第19話 たくさんの拾い物

『おい、あれ。さっき演奏止めた連中だろ?』『なに、まだやるの?』『すげーな、よく出てきたな』『どうせまた棄権だろ』『眠れる森の美女だって、こっちが寝ちゃいそうだよ』


 ステージに立つと、客席からそんなヤジが響きわたる。

 しおりは右足をドンと大きく床に打ち付け、客席のヤジを睨みつける。


『…………』


 その大きな音にみんな驚いたようで、雑音が消えた。


『見届てやるよ。お前は丈志君になれないってとこを』

『優、黙って聴きなさい』


 客席には演奏を終えた椎名優、田部井里佳子がいる。


『翼、自分を信じて。翼らしく』


 母さんの表情もはっきり見える。


『私に見せてよ。丈志じゃない、黒井翼というサクソニアンを』


 真由美さん、俺は今あなたがちゃんと見えてますよ。

 今の俺には、客席のみんながはっきりと見える。


 しおりが客席に背を向け、真理を見て頷く。

 真理の伴奏が始まる。ゆっくりと丁寧に、ピアノの心地よい音が広がる。

 しおりは指先から動きだす。とても柔らかくしなやかで、だけど力強く。

 踊りながら目を送り、夜野やのさんのフルートが続く。流れるようで、細かく刻まれる副旋律でピアノに合わせる。同時にあおはるもリズムを繋ぐ。




『すごい。穏やかで落ち着き、優しいのにそれでいて強い音色。そしてあのダンサーが魅せるのかしら、そこに音が広がる……』


 田部井里佳子は、じっとしおりを向いている。


『どうする黒井。お前はこの曲をどう料理する』


 椎名優は組んだ両手で口を隠し、俺に視線を送る。




 最初のパートが終わった。しおりの瞳が俺に向けられる。やっと俺の本番だ。

 サックスに音を吹き込む。


「ちょ、翼。これ練習のテンポじゃない……」


 真理は慌てた。だってそう、練習では見えなかった景色の中に、俺はいるのだ。

 小川のせせらぎ、小鳥たちの声、広がる草原、大きく深い森。その中で舞う眠り姫、みんなで奏でる音楽の世界。俺はまさに今、その中にいる。
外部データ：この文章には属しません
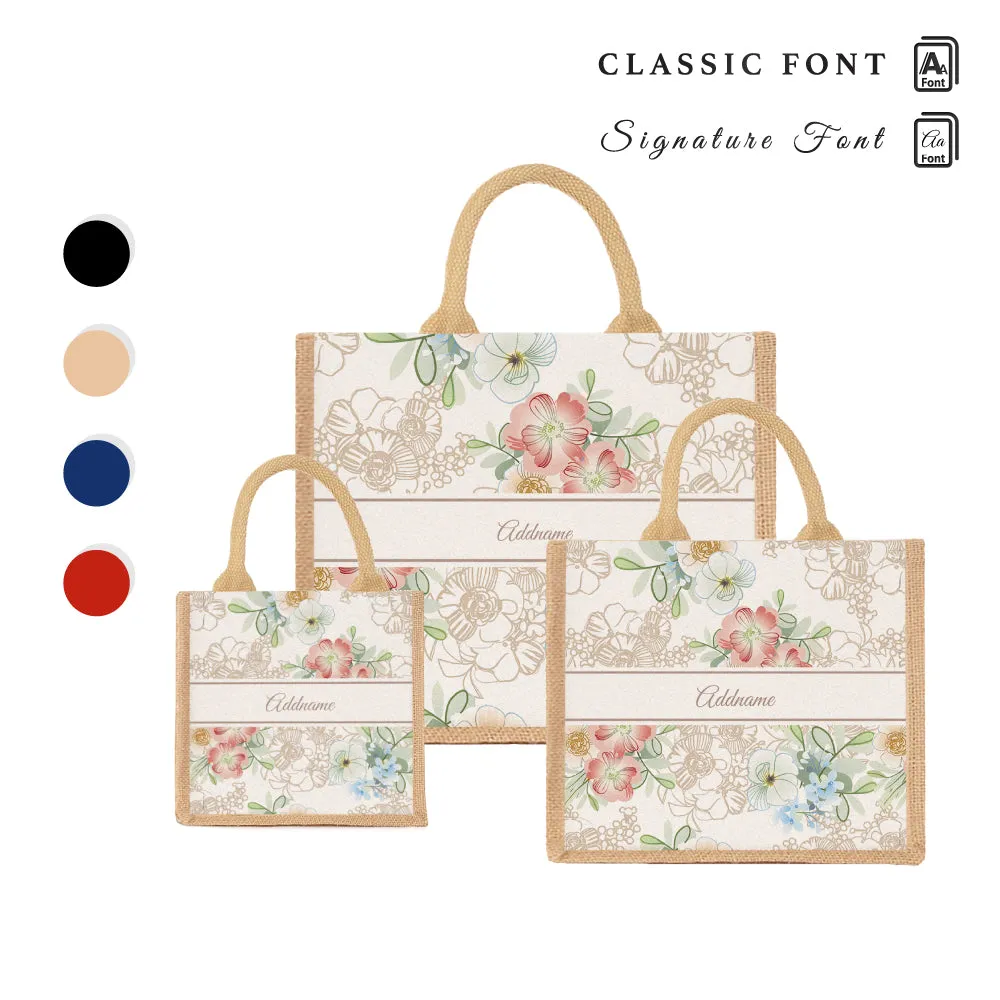 Abstract Fleur Flora Series Jute Tote Bag [FREE Custom Add Name]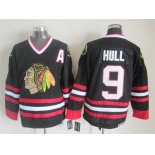 Chicago Blackhawks #9 Bobby Hull Black CCM Vintage Throwback Jersey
「真理ちゃん、大丈夫だよ。音を見て。この場所を感じて」


 しおりは俺の演奏に見事に乗りながら、真理に目をやる。


「しーちゃん……」


 それを受け真理は深く目をつむり、大きく深呼吸をして、ゆっくりと目を開ける。


「――これって……?!」


 驚いた表情を見せる真理。

 真理にも見えたんだな。俺の見る、この景色が。


「見える。あたしにも見えるよ……作るよ。あたしが森を……!」


 真理のピアノは、静寂な森を創る。

 夜野さんのフルートは、小鳥のさえずりを奏でる。

 あおはるのコントラバスは、風のようにみんなの音をまとめ、全体を引き締める。


『翼、あなたの見せたかった音はこれなのね』


 母さんは口を抑えている。




 俺のソロパートに入った。俺だけの音が響き渡る。これはみんなが繋いでくれた音。俺の音は馬を生んだ。その馬に跨り、俺はしおりを見つける。


「翼くん、来てくれたのね」


 しおりの舞は眠り姫を起こした。目覚めた姫はしおりに重なる。俺としおりは、森の中で一緒に舞う。小鳥が歌い、風が優しく俺たちを包みこむ。




『見えるよ……翼。あなたたちの音が見える』


 真由美さんの目から、光るものがこぼれる。


『おい、嘘だろ? この景色、一体何が起きてるんだ?!』

『なんなのこの森は。なんでこんなにも鮮明に……』


 椎名優と田部井里佳子は、目を丸くして驚愕する。




 手に手を取ってワルツを紡ぐ、俺としおり。


「そう、自分らしくでいいんだよ。あなたの音は私の翼。だから私も、自由に空を飛べるの」

「本当に空を舞っているようだ。君のダンスは俺の音にしおりを挟む。君を見ていると、奏でる音が止まらない」


 俺たちは物語を奏で、自由に舞った。


 そうして物語を終えると俺たちは手を取り、一列になって客席に深々と一礼した。


「…………」


 少しばかりの沈黙。


 まばらな拍手から始まり、それが次第に周りに広がる。ホール全体を大歓声のうねりが包み込む。観客たちは総立ちとなり、スタンディングオベーションに迎えられる。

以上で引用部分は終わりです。